## The task
Word for word, give the data again without its pictures.

## Supplied information
===============
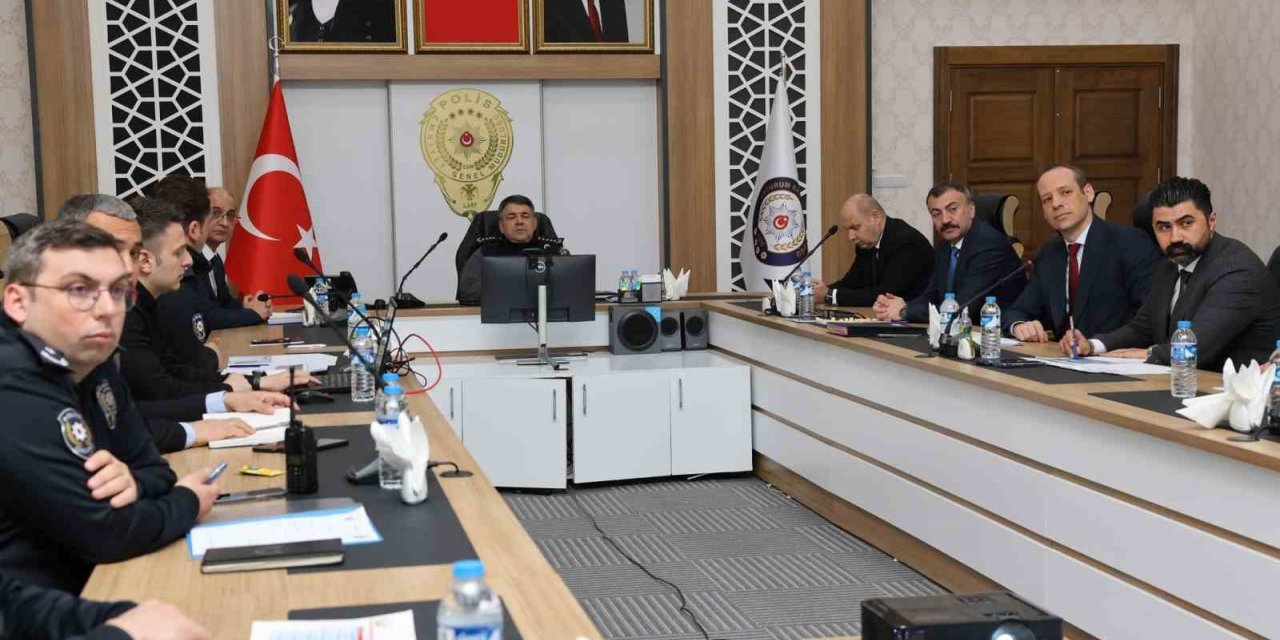 Erzurum’da KGYS ve PTS mercek altında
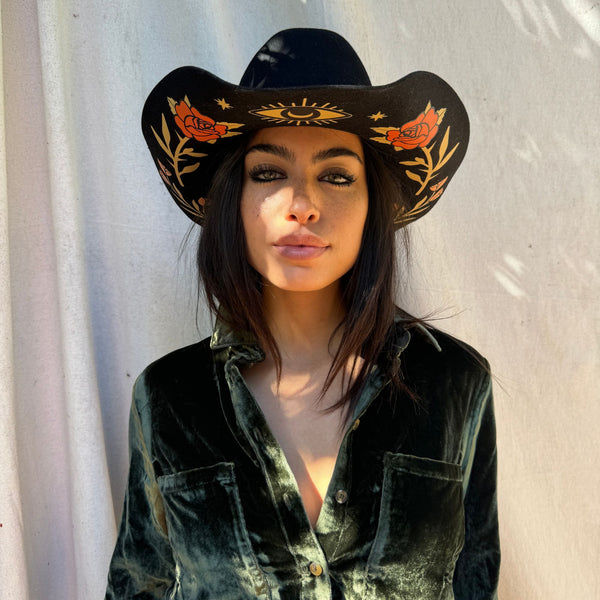 The Daphna Western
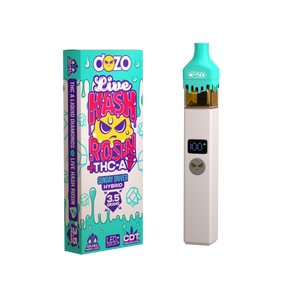 Sunday Driver (Hybrid)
===============
## Exercise solution
 Erzurum’da KGYS ve PTS mercek altında
 The Daphna Western
 Sunday Driver (Hybrid)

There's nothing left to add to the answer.